Il bronzetto con la presunta Venere dell’Ashmolean Museum di Oxford costituisce un’importante proposta per un settore specifico della sua produzione, così come il bottone di Piviale del Museo Nazionale di Ravenna. Tra le monete e le medaglie esposte provenienti dal Museo Civico Archeologico di Bologna, attribuite a lui o al suo ambito o bottega, è presente il doppio ducato di Giulio II che una tradizione non confermata riferisce all’artista, e che si vuole sia stato gettato al popolo dal papa in occasione della sua entrata in città nel 1506.

Nella sale (7), a testimoniare la produzione grafica del Francia e della sua bottega, affascinante soprattutto nell’ambito della raffigurazione di soggetti profani, è esposto il disegno con l’Allegoria del silenzio sempre del museo Oxford, insieme a dieci bulini di Marcantonio Raimondi. La stampa a niello di Peregrino da Cesena costituiscono una testimonianza “ponte” fra l’arte dell’oreficeria e l’incisione.
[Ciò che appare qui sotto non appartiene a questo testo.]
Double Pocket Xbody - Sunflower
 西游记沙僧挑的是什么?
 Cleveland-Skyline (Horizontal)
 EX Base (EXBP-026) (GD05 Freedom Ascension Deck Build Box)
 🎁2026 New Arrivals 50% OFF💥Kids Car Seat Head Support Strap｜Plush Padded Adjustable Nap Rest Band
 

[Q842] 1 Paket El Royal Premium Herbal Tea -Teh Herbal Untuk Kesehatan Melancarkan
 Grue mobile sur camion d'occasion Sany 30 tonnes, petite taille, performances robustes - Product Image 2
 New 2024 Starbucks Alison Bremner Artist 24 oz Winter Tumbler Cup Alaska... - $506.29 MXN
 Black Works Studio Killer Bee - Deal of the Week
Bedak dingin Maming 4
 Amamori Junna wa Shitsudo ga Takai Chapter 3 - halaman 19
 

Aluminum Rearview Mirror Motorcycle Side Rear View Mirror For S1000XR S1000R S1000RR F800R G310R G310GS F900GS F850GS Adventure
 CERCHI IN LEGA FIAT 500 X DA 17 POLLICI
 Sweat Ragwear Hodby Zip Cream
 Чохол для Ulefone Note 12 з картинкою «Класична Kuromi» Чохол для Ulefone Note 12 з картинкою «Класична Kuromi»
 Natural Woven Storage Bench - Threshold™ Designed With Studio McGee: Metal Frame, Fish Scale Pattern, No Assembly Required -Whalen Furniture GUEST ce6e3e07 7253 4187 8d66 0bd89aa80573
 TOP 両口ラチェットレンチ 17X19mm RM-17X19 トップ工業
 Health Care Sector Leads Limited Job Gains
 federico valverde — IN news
La collocazione della mostra nel percorso del Rinascimento della Pinacoteca permette di leggere l’attività del Francia in stretta relazione con gli altri artisti attivi in città quali ad esempio Lorenzo Costa e Amico Aspertini, con i precedenti ferraresi di Ercole de’ Roberti e Francesco del Cossa, infine con la produzione successiva dei figli Giacomo e Giulio. Inevitabile il confronto con l’Estasi di santa Cecilia di Raffaello la quale, secondo il racconto romanzato di Giorgio Vasari (1550) – contestato dal bolognese Carlo Cesare Malvasia (1678) e messo in dubbio dalla critica recente – fu la causa della stessa morte del Francia. Secondo l’aretino, incaricato di esporre il dipinto sull’ altare della chiesa di San Giovanni in Monte, il Francia ne rimase talmente folgorato da morirne dopo pochi giorni. Ma le suggestioni più importanti del Vasari nelle Vite, come, già detto, è il voler affiancare, con estrema poesia, il Francia al Perugino, in grado entrambi di superare la <<maniera secca e cruda ne’ colori unita>>, tanto che <<i popoli nel vederla corsero come matti a quella bellezza nuova e più viva, parendo loro assolutamente che e’ non potesse mai far meglio>>.